Gleaned from the help document and the forums: some of our favorite how-to's, all bunched together... This list will continue to grow, so, check back often.

Just click on each header to see the related details.

Commands are recognized, but nothing is happening in my game

  • Occasionally, you may have to adjust your commands in VoiceAttack to work with certain games. Here are some things you will want to try :
  • The most common issue is that VoiceAttack is sending key presses too quickly to your game. If a game is polling for input at a specific time, and, VoiceAttack's key press does not coincide with that polling, the game will simply not catch it. To fix this, you need to increase the amount of time a key is held down before releasing. A good place to start is 0.10 seconds. Try increasing and decreasing this number to see what works best.
  • Another issue may be the scan codes that your game is reading for input. VoiceAttack has two input modes for key presses : Standard and DirectX. Try alternating between these two modes to see what your game recognizes.
  • A less common issue, however, equally frustrating, is that some games will require VoiceAttack to be run in Administrator mode to allow interaction. To run VoiceAttack in Administrator mode, do the following :
    • Locate the file called, 'VoiceAttack.exe' (usually in C:\Program Files (x86)\VoiceAttack folder).
    • Right-click on the file and select, 'Properties'.
    • Go to the, 'Compatibility' tab and then check the, 'Run as Administrator' box.
    • Click, 'OK' and then run VoiceAttack.
  • One last thing to check is to make sure VoiceAttack is sending input to the right place. Verify that your commands are being sent to the proper process, or, to the Active Window.

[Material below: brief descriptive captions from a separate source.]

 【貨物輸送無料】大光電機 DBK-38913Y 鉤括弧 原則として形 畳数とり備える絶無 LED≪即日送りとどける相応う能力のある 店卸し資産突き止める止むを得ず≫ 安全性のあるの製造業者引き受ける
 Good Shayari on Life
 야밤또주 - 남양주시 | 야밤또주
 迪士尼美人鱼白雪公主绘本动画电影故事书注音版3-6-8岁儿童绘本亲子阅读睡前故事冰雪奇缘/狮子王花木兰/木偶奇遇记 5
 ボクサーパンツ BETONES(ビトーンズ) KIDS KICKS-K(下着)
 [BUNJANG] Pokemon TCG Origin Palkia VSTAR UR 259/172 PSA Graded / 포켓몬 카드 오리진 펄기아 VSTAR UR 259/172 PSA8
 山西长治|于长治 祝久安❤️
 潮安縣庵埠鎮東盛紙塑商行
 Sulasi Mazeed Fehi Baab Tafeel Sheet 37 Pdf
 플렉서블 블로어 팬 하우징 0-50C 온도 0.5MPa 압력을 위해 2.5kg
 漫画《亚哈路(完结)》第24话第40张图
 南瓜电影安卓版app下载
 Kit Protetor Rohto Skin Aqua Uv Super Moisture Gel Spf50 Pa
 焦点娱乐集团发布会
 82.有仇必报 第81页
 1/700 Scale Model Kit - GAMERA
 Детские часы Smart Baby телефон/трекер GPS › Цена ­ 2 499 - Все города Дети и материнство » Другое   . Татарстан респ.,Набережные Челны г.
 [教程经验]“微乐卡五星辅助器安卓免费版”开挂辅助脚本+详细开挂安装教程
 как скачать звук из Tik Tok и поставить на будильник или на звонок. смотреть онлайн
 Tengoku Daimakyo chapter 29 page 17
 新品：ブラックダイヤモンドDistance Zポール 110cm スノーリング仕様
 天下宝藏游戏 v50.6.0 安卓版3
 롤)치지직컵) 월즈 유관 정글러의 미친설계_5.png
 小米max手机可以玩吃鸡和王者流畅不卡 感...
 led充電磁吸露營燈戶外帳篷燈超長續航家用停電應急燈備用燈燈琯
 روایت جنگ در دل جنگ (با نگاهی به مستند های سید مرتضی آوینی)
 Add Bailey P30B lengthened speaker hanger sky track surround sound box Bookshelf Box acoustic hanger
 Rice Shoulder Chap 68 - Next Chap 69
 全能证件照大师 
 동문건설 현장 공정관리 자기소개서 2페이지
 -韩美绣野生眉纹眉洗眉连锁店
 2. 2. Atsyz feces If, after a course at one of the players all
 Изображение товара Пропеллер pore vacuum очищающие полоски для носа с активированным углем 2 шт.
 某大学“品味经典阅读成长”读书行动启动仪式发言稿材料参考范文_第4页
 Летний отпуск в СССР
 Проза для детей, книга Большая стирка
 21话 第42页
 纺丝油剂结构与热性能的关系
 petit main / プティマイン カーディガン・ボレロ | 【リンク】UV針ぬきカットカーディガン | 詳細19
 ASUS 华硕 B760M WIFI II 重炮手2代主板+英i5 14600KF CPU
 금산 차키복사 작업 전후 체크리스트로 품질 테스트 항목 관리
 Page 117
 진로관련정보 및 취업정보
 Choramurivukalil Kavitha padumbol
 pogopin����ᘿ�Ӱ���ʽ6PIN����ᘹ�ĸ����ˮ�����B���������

Copy a command from one profile to another

  • Select a command out of the source profile.
  • Right click on the command and select the 'Copy to' item (note : this option will only be available if there are actually other profiles to copy the command to. This might be a good time to indicate that this is not available in the non-registered version, since there is only one profile).
  • Next, select the destination profile from the list.
  • Your command is now copied to the destination profile!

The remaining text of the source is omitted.